Monte Carlo simulations are a statistical technique used to model probabilistic (or “stochastic”) processes and establish the odds for a variety of outcomes. The concept was first popularized right after World War II. To study nuclear fission, mathematician Stanislaw Ulam coined the term in reference to an uncle who loved playing the odds at the Monte Carlo casino (then a world symbol of gambling, like Las Vegas today).

To get started, load package tidyverse, and set the random number generator in your setup R chunk. In the following problems you will make heavy use of functions

  • sample(x, size, replace = FALSE, prob = NULL),

  • replicate(n, expr, simplify = "array").

Antoine Gombaud’s question

Conduct a simulation to answer the question below that was initially posed by Antoine Gombaud (a famous gambler in the 17th century).

Which is more likely:

  1. getting at least one 6 when rolling a single fair six-sided die 4 times,
  2. getting at least one pair of sixes when two fair six-sided dice are thrown 24 times?

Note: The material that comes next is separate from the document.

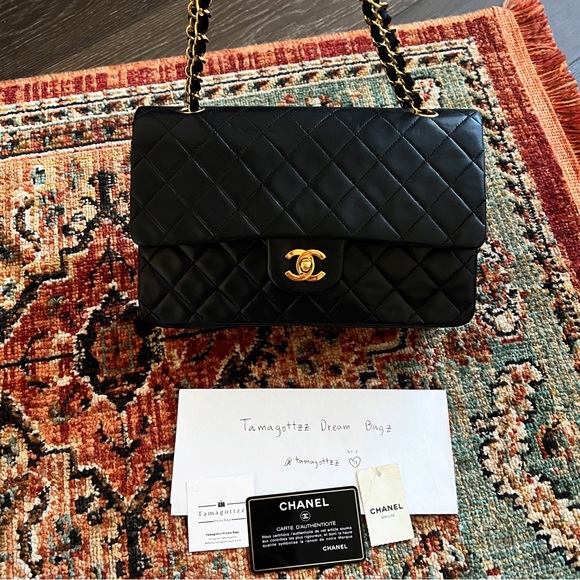 SOLD**Chanel Classic Vintage Medium Black Double Flap Bag - Picture 2 of 10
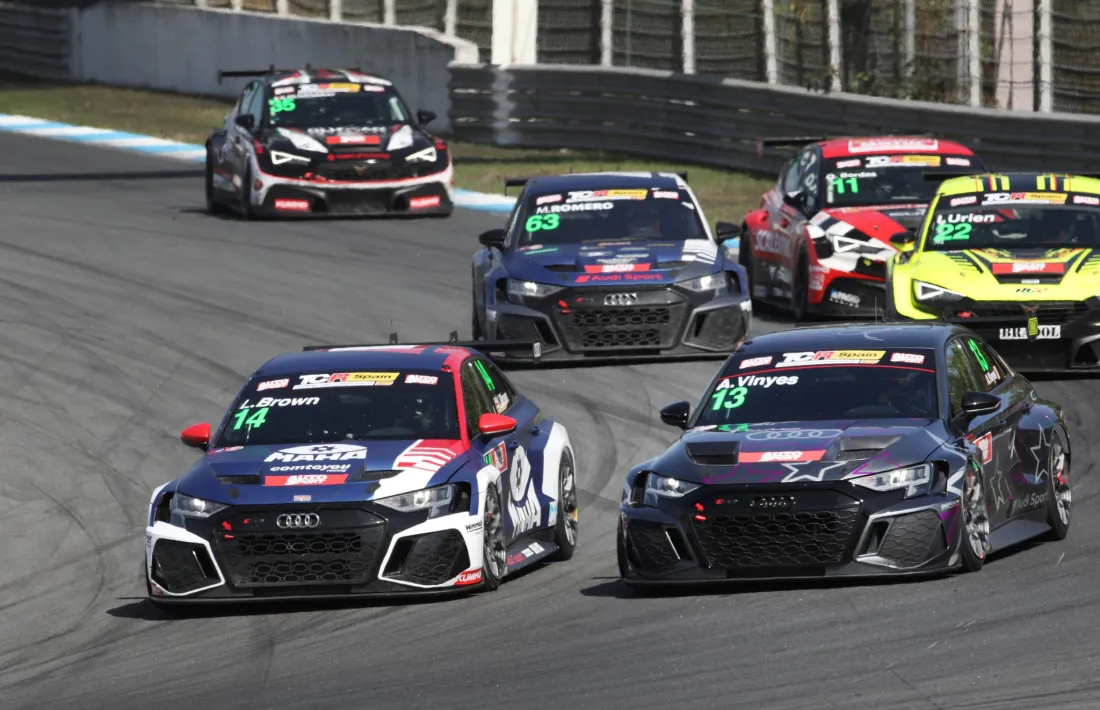 Amàlia Vinyes, amb el seu Audi RS3 LMS, a la prova del TCR Spain a Estoril.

The number of simulation replications you choose is at your discretion, but if you choose a number too small the results will not be accurate.

Enough?

How many Monte Carlo experiments are enough? Perform a Monte Carlo simulation to evaluate the probability of getting “Heads” in a fair coin toss. Use ggplot() to plot the probability estimate on the y-axis and the iteration (number of Monte Carlo) experiments on the x-axis. As the number of iterations gets large, you should see this value stabilize at around 0.50.

Birthday problem

Conduct a Monte Carlo simulation to answer the following questions related to the birthday problem or birthday paradox.

  1. What is the probability of at least two people sharing the same birthday (month and day) from a random sample of 23 individuals?
  2. What is the probability of at least two people sharing the same birthday (month and day) from a random sample of 70 individuals?
  3. Create a plot using ggplot with the number of individuals on the x-axis and the probability of at least one pair on the y-axis. You should simulate the probability of at least two people sharing the same birthday for each number of individuals from 2 to 100.

You may ignore leap year and assume 365 days per year. The number of simulation replications you choose is at your discretion, but if you choose a number too small the results will not be accurate.